_What this task involves_
The entries are to be reproduced word for word, with all images left out.

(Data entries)
···
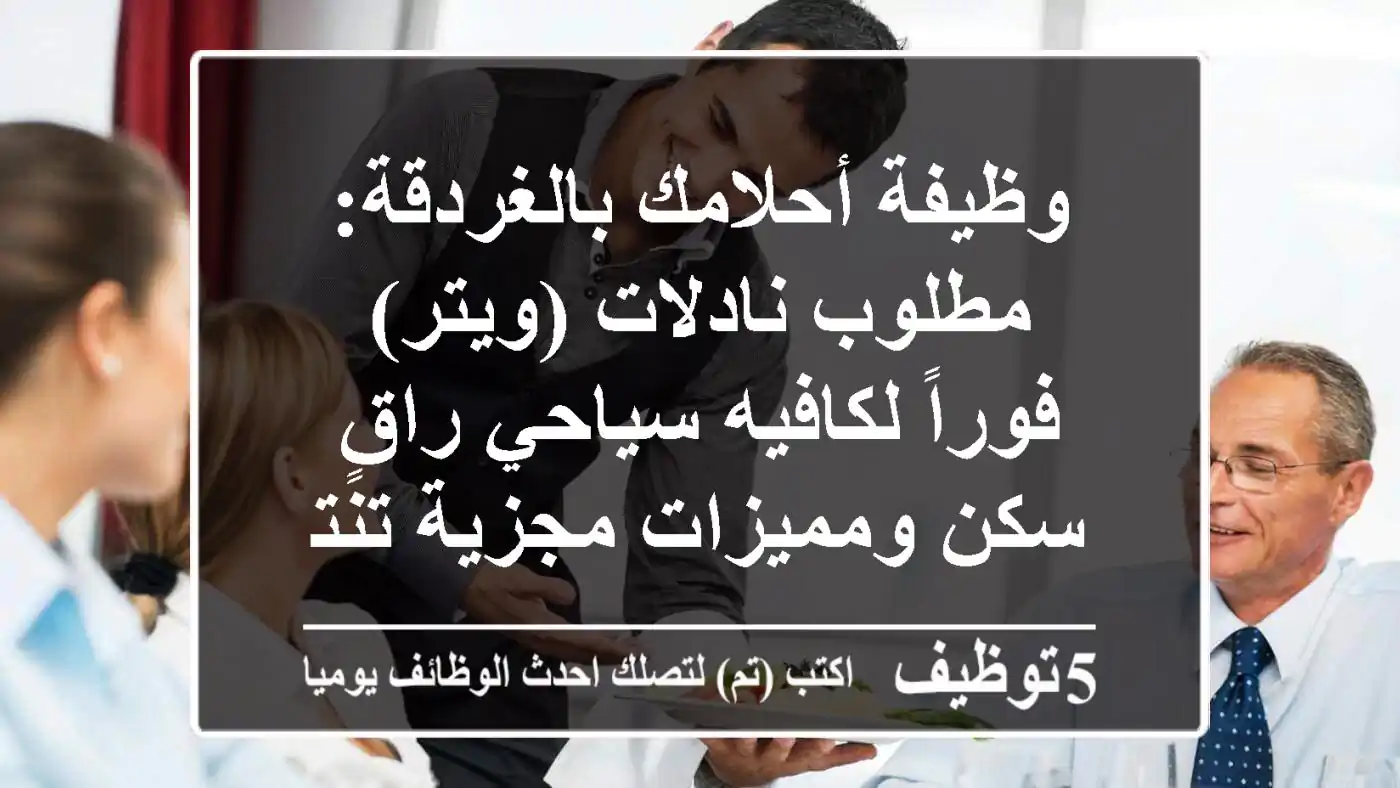 وظيفة أحلامك بالغردقة: مطلوب نادلات (ويتر) فوراً لكافيه سياحي راقٍ - سكن ومميزات مجزية تنتظرك!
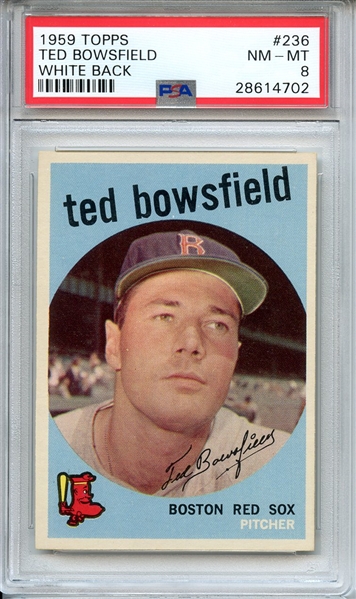 1959 TOPPS 236 TED BOWSFIELD WHITE BACK PSA NM-MT 8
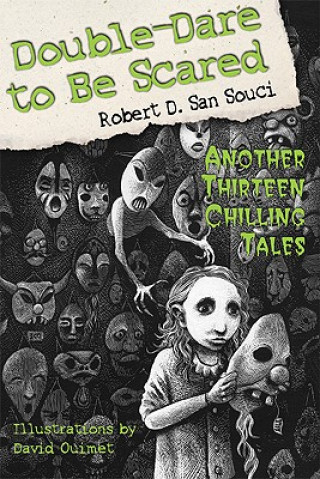 Könyv Double-Dare to Be Scared Robert D San Souci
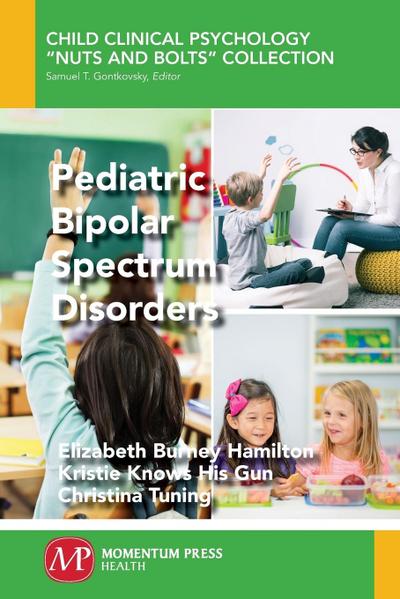 Pediatric Bipolar Spectrum Disorders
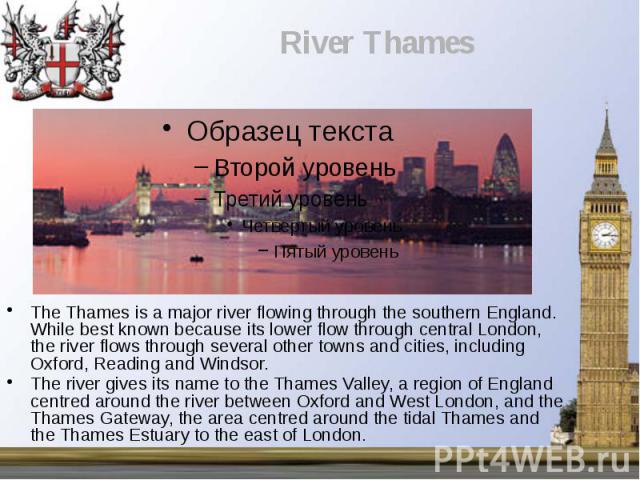 The Thames is a major river flowing through the southern England. While best known because its lower flow through central London, the river flows through several other towns and cities, including Oxford, Reading and Windsor. The Thames is a major ri…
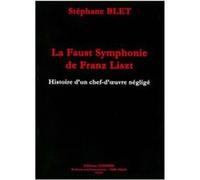 Partitions classique COMBRE BLET STEPHANE - LA FAUST SYMPHONIE DE FRANZ LISZT - ANALYSE Piano G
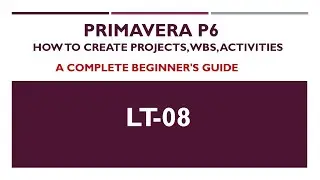 LT-08 Create Projects, WBS, Activities In Primavera P6 Online tutorial for beginners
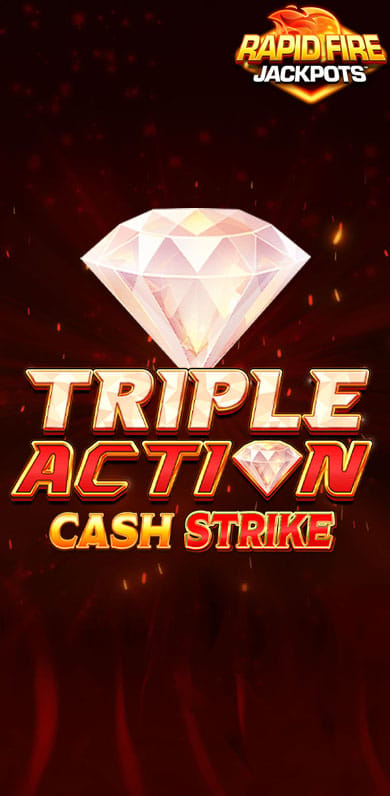 Triple Action Cash Strike Rapid Fire in topjackpots_at
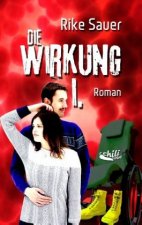 Die Wirkung I.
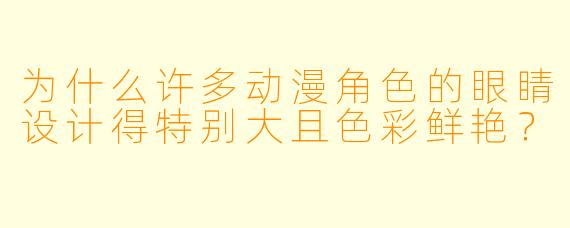 为什么许多动漫角色的眼睛设计得特别大且色彩鲜艳？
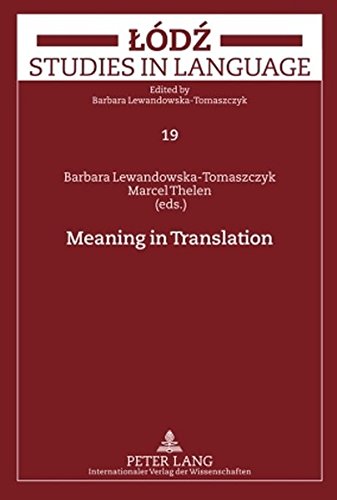 Meaning in Translation (Lodz Studies in Language)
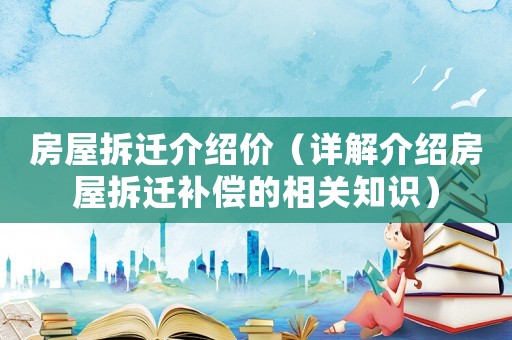 房屋拆遷介紹價（詳解介紹房屋拆遷補(bǔ)償?shù)南嚓P(guān)知識）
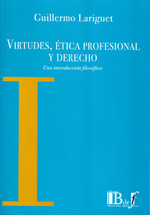 Virtudes, ética profesional y Derecho.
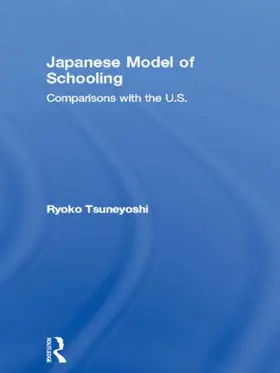 Tsuneyoshi |  Japanese Model of Schooling | Buch |  Sack Fachmedien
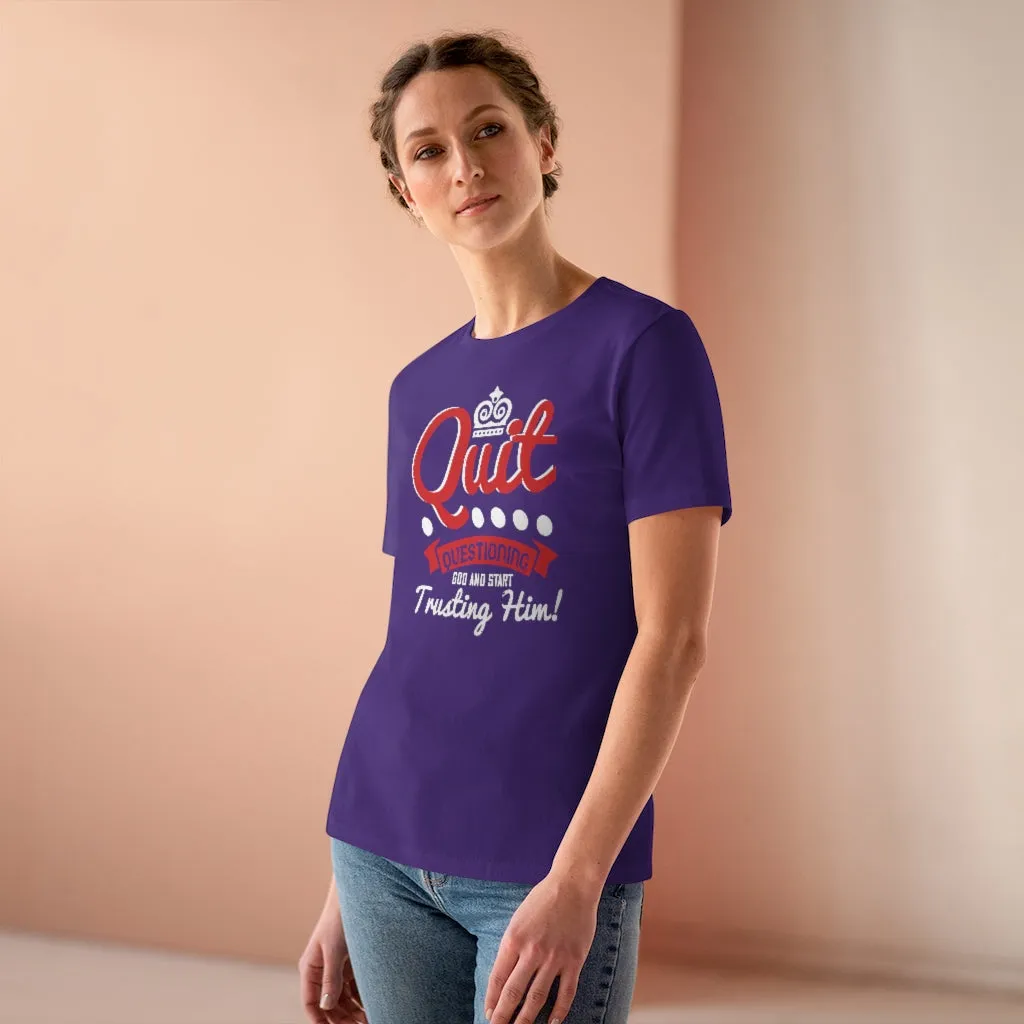 Quit Questioning God And Start Trusting Him, Women's Premium Tee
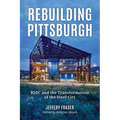 Rebuilding Pittsburgh: Ridc and the Transformation of the Steel City - Paperback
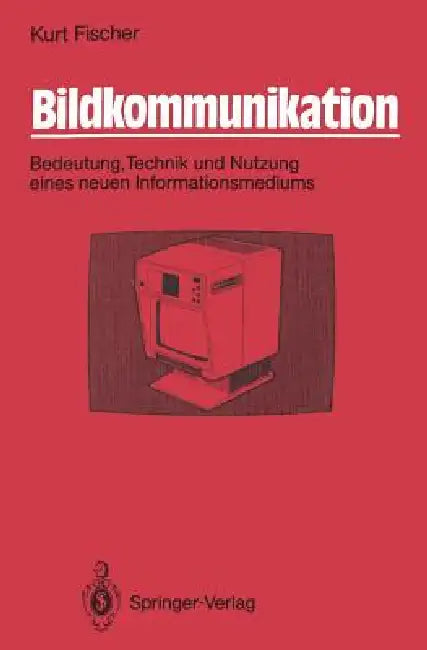 Bildkommunikation: Bedeutung, Technik Und Nutzung Eines Neuen Informationsmediums by Kurt Fischer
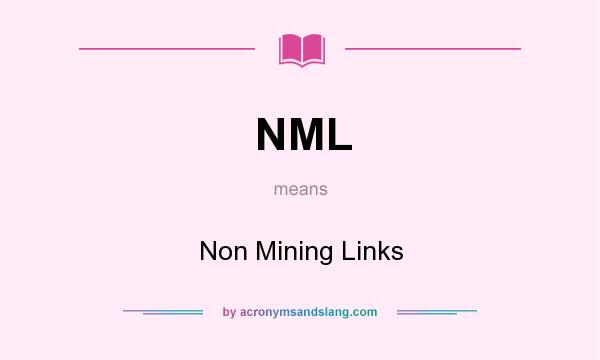 What does NML mean? It stands for Non Mining Links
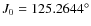 $J_0=125.2644^\circ$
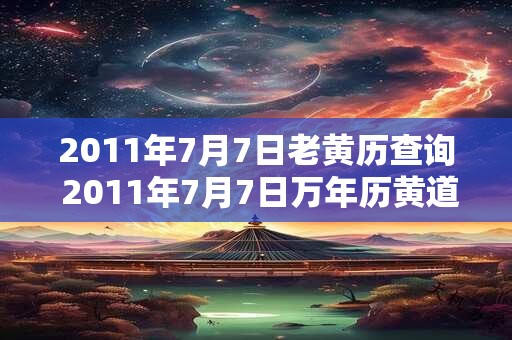 2011年7月7日老黄历查询 2011年7月7日万年历黄道吉日 2011年7月7日老黄历查询 2011年7月7日万年历黄道吉日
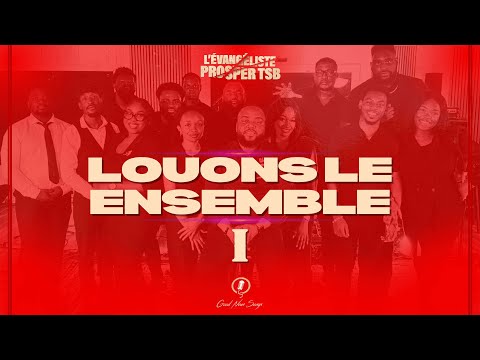 L'evangéliste Prosper TSB - LOUONS-LE ENSEMBLE I (Medley)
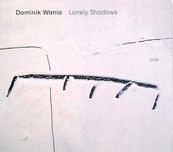 CD Dominik Wania - Lonely Shadows ECM 2686 nowa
···
_The completed task_
 وظيفة أحلامك بالغردقة: مطلوب نادلات (ويتر) فوراً لكافيه سياحي راقٍ - سكن ومميزات مجزية تنتظرك!
 1959 TOPPS 236 TED BOWSFIELD WHITE BACK PSA NM-MT 8
 Könyv Double-Dare to Be Scared Robert D San Souci
 Pediatric Bipolar Spectrum Disorders
 The Thames is a major river flowing through the southern England. While best known because its lower flow through central London, the river flows through several other towns and cities, including Oxford, Reading and Windsor. The Thames is a major ri…
 Partitions classique COMBRE BLET STEPHANE - LA FAUST SYMPHONIE DE FRANZ LISZT - ANALYSE Piano G
 LT-08 Create Projects, WBS, Activities In Primavera P6 Online tutorial for beginners
 Triple Action Cash Strike Rapid Fire in topjackpots_at
 Die Wirkung I.
 为什么许多动漫角色的眼睛设计得特别大且色彩鲜艳？
 Meaning in Translation (Lodz Studies in Language)
 房屋拆遷介紹價（詳解介紹房屋拆遷補(bǔ)償?shù)南嚓P(guān)知識）
 Virtudes, ética profesional y Derecho.
 Tsuneyoshi |  Japanese Model of Schooling | Buch |  Sack Fachmedien
 Quit Questioning God And Start Trusting Him, Women's Premium Tee
 Rebuilding Pittsburgh: Ridc and the Transformation of the Steel City - Paperback
 Bildkommunikation: Bedeutung, Technik Und Nutzung Eines Neuen Informationsmediums by Kurt Fischer
 What does NML mean? It stands for Non Mining Links
 $J_0=125.2644^\circ$
 2011年7月7日老黄历查询 2011年7月7日万年历黄道吉日 2011年7月7日老黄历查询 2011年7月7日万年历黄道吉日
 L'evangéliste Prosper TSB - LOUONS-LE ENSEMBLE I (Medley)
 CD Dominik Wania - Lonely Shadows ECM 2686 nowa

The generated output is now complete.